Posłowie niezadowoleni z nieobecności Belki w Sejmie
Nieobecność premiera Marka Belki w czasie debaty nad projektem uchwały LPR wzywającej szefa rządu do ustąpienia wywołała komentarze w Sejmie.
03.03.2005 | aktual.: 03.03.2005 15:21
Premier w trakcie gdy jeszcze trwała debata, udał się do Fundacji Batorego, gdzie wygłosił wykład z cyklu "O naprawie Rzeczpospolitej".
Najpierw Antoni Macierewicz (RKN) zgłosił wniosek formalny, aby przerwać obrady Sejmu do czasu, kiedy na salę obrad nie powróci premier. Poseł ocenił, że premier Belka uznał za bardziej stosowne wykładanie w Fundacji Batorego, niż przysłuchiwać się debacie sejmowej. Uwłacza to godności Sejmu i narodu polskiego - dodał.
Roman Giertych (LPR) uznał, że kontynuowanie debaty nad odwołaniem Belki przy jego nieobecności jest "nonsensowna", jest "lekceważeniem Izby".
Prowadzący obrady wicemarszałek Józef Zych nie przyjął jednak wniosku Macierewicza o przerwanie obrad. Przyznał natomiast, że "zasadnym byłoby", aby premier odpowiedział na pytania, które mają mu zadawać posłowie.
Później podczas zadawania przez posłów pytań w Sejmie Tadeusz Gajda (PSL) odnosząc się do nieobecności Belki powiedział, że jest on tam, "gdzie rządzi się Rzeczpospolitą".
Jeżeli macie jakieś złudzenia i nie wierzycie w to, to dziennikarze mają nosa. Proszę zobaczyć - jest (w Sejmie) paru dziennikarzy, natomiast cała plejada, Polska Agencja Prasowa, wszyscy są tam, gdzie zarządza się od piętnastu lat Rzeczpospolitą - oświadczył poseł PSL.

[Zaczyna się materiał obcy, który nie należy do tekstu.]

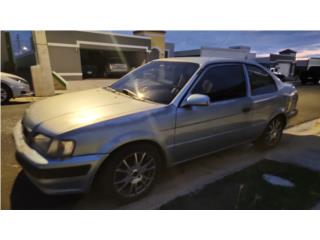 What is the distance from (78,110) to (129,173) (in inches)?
34.5

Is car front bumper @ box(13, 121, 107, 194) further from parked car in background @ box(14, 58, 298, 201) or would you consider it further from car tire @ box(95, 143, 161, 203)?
car tire @ box(95, 143, 161, 203)

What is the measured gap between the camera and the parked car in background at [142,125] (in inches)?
87.4

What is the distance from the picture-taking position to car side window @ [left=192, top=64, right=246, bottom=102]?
3.15m

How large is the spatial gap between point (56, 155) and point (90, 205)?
2.48 feet

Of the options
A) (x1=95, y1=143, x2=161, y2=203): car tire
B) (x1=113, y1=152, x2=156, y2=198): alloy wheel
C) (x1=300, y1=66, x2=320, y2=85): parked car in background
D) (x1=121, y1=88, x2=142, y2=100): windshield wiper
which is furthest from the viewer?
(x1=300, y1=66, x2=320, y2=85): parked car in background

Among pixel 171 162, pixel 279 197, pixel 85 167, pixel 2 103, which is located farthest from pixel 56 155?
pixel 2 103

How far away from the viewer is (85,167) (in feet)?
7.36

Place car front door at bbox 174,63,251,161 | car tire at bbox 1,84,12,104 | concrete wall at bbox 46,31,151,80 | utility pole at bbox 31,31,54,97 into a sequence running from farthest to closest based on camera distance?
concrete wall at bbox 46,31,151,80
utility pole at bbox 31,31,54,97
car tire at bbox 1,84,12,104
car front door at bbox 174,63,251,161

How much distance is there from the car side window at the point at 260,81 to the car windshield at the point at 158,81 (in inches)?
44.9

Dziennikarze Polskiej Agencji Prasowej są obecni w Sejmie każdego dnia obrad od chwili ich rozpoczęcia, do momentu kiedy zostaną przerwane lub zakończone, nawet jeśli jest to późno w nocy. Również w czwartek ekipa dziennikarzy PAP obsługuje na bieżąco, bez przerw, posiedzenie Sejmu.